→ **Task to carry out**
Somewhere below is a line with "[衡水名师卷]高考模拟调研卷" and, later, a line with "Jesus Is My"; repeat those two lines and all the lines between them, exactly as they are.

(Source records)
|---|
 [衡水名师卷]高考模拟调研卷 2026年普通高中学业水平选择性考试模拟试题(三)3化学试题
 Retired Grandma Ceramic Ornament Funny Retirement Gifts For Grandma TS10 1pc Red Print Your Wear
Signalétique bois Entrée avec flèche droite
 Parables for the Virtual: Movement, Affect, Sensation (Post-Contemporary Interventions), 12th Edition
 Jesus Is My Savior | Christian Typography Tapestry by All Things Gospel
|---|
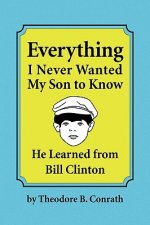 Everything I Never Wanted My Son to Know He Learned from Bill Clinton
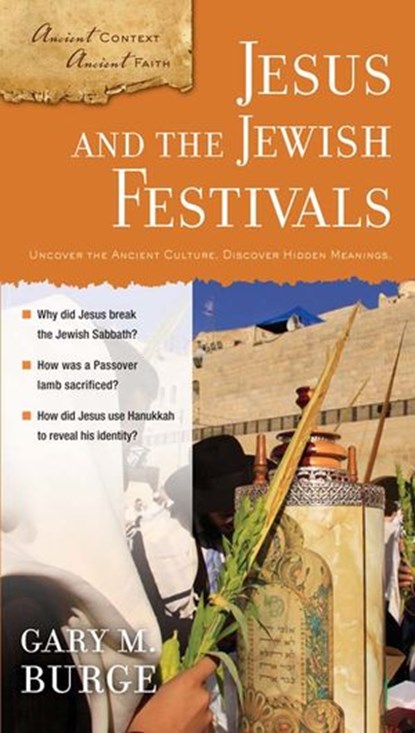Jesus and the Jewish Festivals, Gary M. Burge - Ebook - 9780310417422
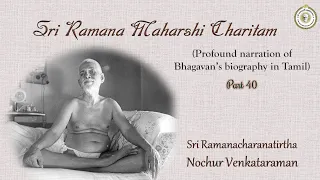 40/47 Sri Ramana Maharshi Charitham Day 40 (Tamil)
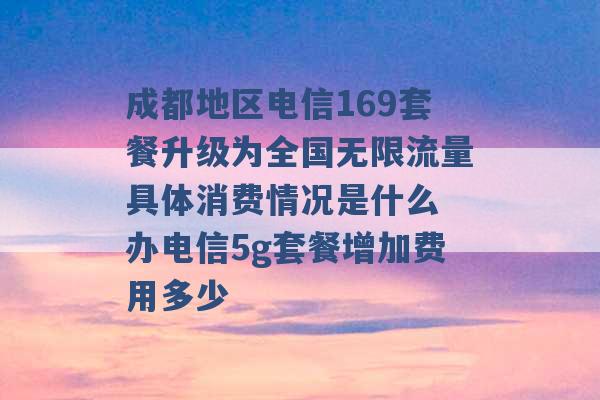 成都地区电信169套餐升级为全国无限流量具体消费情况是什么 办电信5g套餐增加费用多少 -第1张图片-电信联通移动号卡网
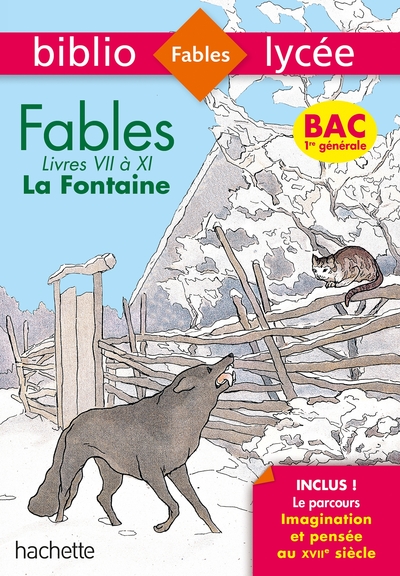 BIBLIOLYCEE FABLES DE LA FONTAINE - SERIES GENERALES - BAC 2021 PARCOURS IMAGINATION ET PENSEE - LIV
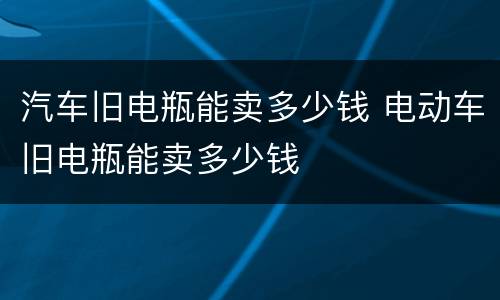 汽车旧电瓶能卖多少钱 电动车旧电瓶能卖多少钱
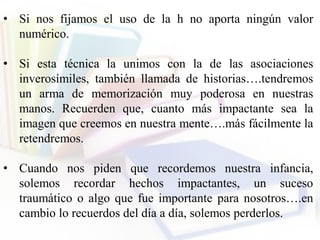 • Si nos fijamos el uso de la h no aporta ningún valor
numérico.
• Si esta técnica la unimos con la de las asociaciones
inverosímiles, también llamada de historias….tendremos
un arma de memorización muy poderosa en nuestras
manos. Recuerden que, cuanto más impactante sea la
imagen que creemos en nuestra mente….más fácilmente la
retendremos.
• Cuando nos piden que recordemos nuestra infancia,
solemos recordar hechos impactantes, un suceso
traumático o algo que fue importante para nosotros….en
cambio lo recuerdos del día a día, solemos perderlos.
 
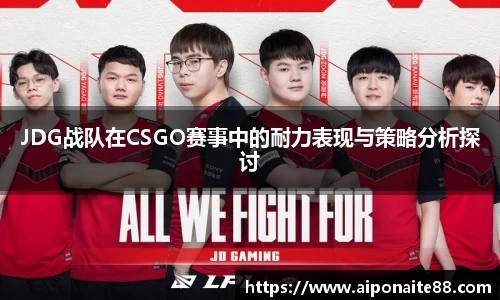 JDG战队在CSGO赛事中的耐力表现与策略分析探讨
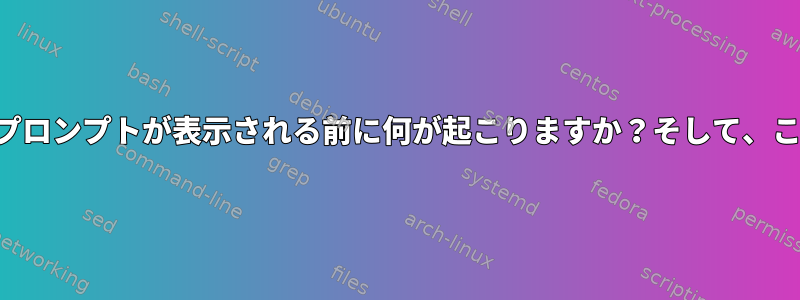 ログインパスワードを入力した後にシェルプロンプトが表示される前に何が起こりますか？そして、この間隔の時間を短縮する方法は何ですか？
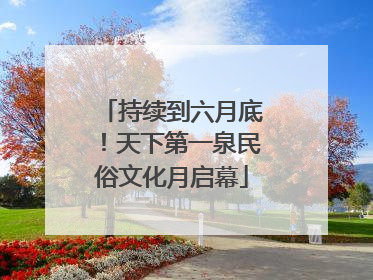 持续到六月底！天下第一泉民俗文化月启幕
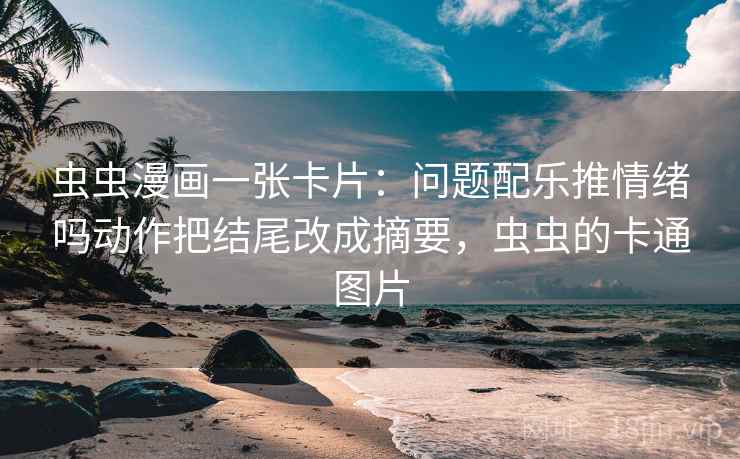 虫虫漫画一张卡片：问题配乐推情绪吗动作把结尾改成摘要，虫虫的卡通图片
|---|
→ **Solution for this task**
 [衡水名师卷]高考模拟调研卷 2026年普通高中学业水平选择性考试模拟试题(三)3化学试题
 Retired Grandma Ceramic Ornament Funny Retirement Gifts For Grandma TS10 1pc Red Print Your Wear
Signalétique bois Entrée avec flèche droite
 Parables for the Virtual: Movement, Affect, Sensation (Post-Contemporary Interventions), 12th Edition
 Jesus Is My Savior | Christian Typography Tapestry by All Things Gospel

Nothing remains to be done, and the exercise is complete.